=== YOUR OBJECTIVE ===
Copy everything in the listing below word for word, apart from any images.

=== DATA BELOW ===
◆ ◆ ◆

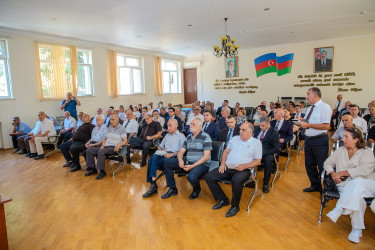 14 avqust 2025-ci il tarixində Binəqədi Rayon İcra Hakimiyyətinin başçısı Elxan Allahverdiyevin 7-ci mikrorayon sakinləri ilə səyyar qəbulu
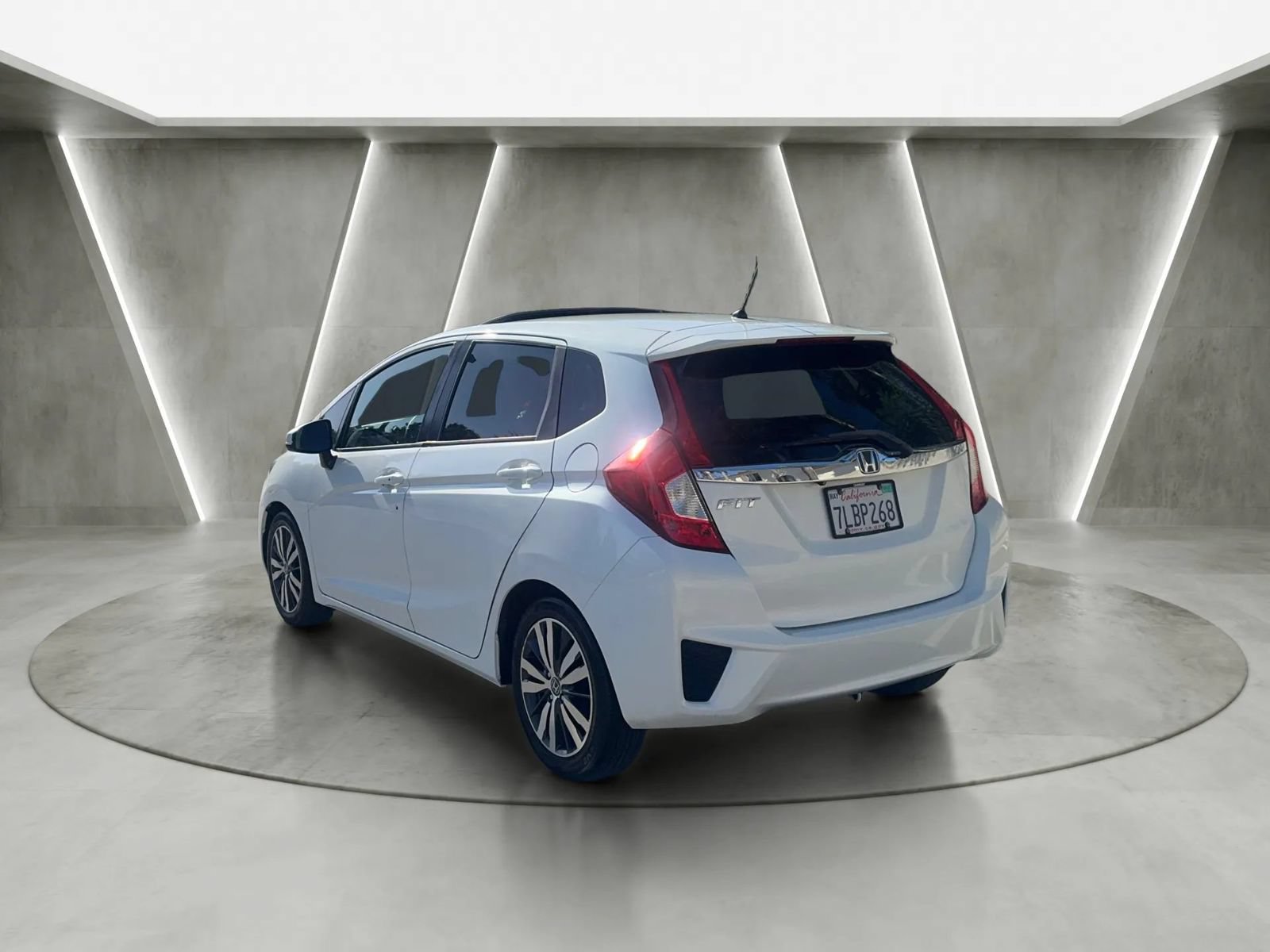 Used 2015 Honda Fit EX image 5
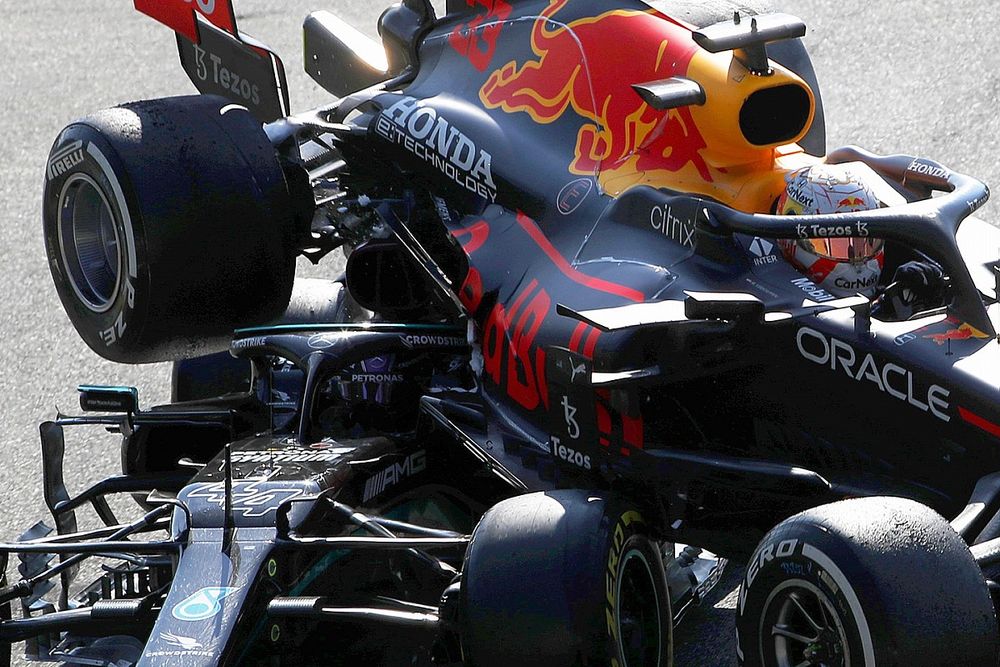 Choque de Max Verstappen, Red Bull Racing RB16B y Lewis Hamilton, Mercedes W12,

◆ ◆ ◆

=== COMPLETED EXERCISE ===
 14 avqust 2025-ci il tarixində Binəqədi Rayon İcra Hakimiyyətinin başçısı Elxan Allahverdiyevin 7-ci mikrorayon sakinləri ilə səyyar qəbulu
 Used 2015 Honda Fit EX image 5
 Choque de Max Verstappen, Red Bull Racing RB16B y Lewis Hamilton, Mercedes W12,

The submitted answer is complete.